Savory Pumpkin Cheesecake Is Like a Little Miracle
Not quite cake, not quite pie, definitely all delicious
Cheesecake is like a little miracle, in no small part because it is two of my favorite things: cheese and cake. And even though the cake part is misleading, since the creamy filled crust always feels more like a pie, I’m not going to argue. I live in Chicago, where Eli’s Cheesecake has been making delicious ones my whole life. They even make chocolate-dipped cheesecake on a stick, which is pure bliss.
However, a type 2 diabetes has seriously curtailed my cheesecake consumption. Too much sugar on top of a carby crust means it's reserved for a very special occasion indulgence. But a recent dinner party in need of an out-of-the-box cheese course got me thinking: What about savory cheesecake? As it is pumpkin spice season, and you can’t turn around without being accosted with the images of pumpkin everywhere, pumpkin became a natural addition. A Parmesan almond crust keeps the carbs down and adds a bit more flavor than a traditional crumb crust, and nods to a cheese platter in a great way.
This makes a lovely appetizer, or even a light lunch with a salad, and if you want to serve it as part of a cheese platter, cut it into small squares and garnish with a drizzle of balsamic glaze. It also freezes beautifully, so sometimes I divide this recipe into two 5- or 6-inch springform pans and freeze them to have on hand for smaller spontaneous gatherings.
Savory Pumpkin Cheesecake
2 cups ground almonds (pecans or hazelnuts also fine, walnuts get a little too bitter)

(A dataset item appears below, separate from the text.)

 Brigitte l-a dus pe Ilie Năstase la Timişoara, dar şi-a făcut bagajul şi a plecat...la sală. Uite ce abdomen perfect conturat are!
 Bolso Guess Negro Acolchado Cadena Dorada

½ cup grated Parmesan cheese
1 egg white
3 egg yolks
2 pounds cream cheese, softened
½ pound goat cheese, softened
1 teaspoon ground nutmeg
1 tablespoon fresh thyme leaves
4 tablespoons finely chopped shallot
2 1/2 teaspoons lemon zest
½ teaspoon espelette pepper
3 tablespoons flour
1 cup heavy cream
1 pound pumpkin puree, fresh or canned
Preheat your oven to 400°F degrees. Wrap the bottom of a 10-inch springform pan with foil, line the bottom with parchment and grease with butter. (or two 5- or 6-inch pans) In a bowl, mix nuts with cheese and egg white just until mixture is blended, and press into bottom of the pan in an even layer.

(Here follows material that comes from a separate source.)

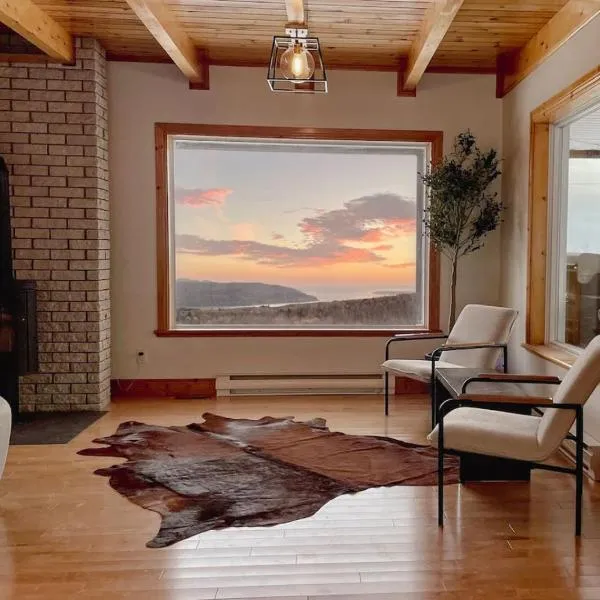 Cozy Haven with Spa & Stunning Views，位于拜圣保罗的酒店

In the bowl of your stand mixer with a whisk attachment, or in a large bowl with your electric hand mixer lightly beat eggs and yolks until frothy, then add softened cheeses and beat until thoroughly mixed. Add in nutmeg, thyme, shallot, zest, pepper, and flour and beat briefly just to mix. Then add the cream and pumpkin puree. Beat until smooth.
Pour into the crust and place the springform pan on a baking sheet. Bake at 400 degrees for 20 minutes. Reduce the heat to 300°F degrees and bake 50 to 60 minutes longer. The cake is done when there is just the gentlest wobble in the center two inches of the pan when you shake it. Not a loose liquid look, but more of a soft rolling movement.
Turn off heat and allow cake to cool in oven about two hours with the door cracked open. They may crack slightly on top, which I like. If you hate that look, you can cook in a water bath, but it might take a few minutes longer. Remove from the oven and let rest on the counter another hour or so until not noticeably warm to the touch, cover and chill in the fridge overnight. You can garnish with balsamic glaze, fig jam, date syrup or pomegranate molasses, or a fine dice of quince paste. Crème fraiche or sour cream mixed with a hint of brown sugar makes a lovely topping, especially sprinkled with toasted pumpkin seeds (the green hulled ones, not the white whole ones)
To serve, take the cake out of the fridge about an hour before serving. Remove spring-form, and slice into thin wedges or small squares. You can wrap this well in plastic and foil and freeze for up to three months. You can also make in muffin tins for individual portions, just reduce baking time. For muffins, I strongly suggest using baking cups or the pans with the removeable bottoms as they can be a bear to get out.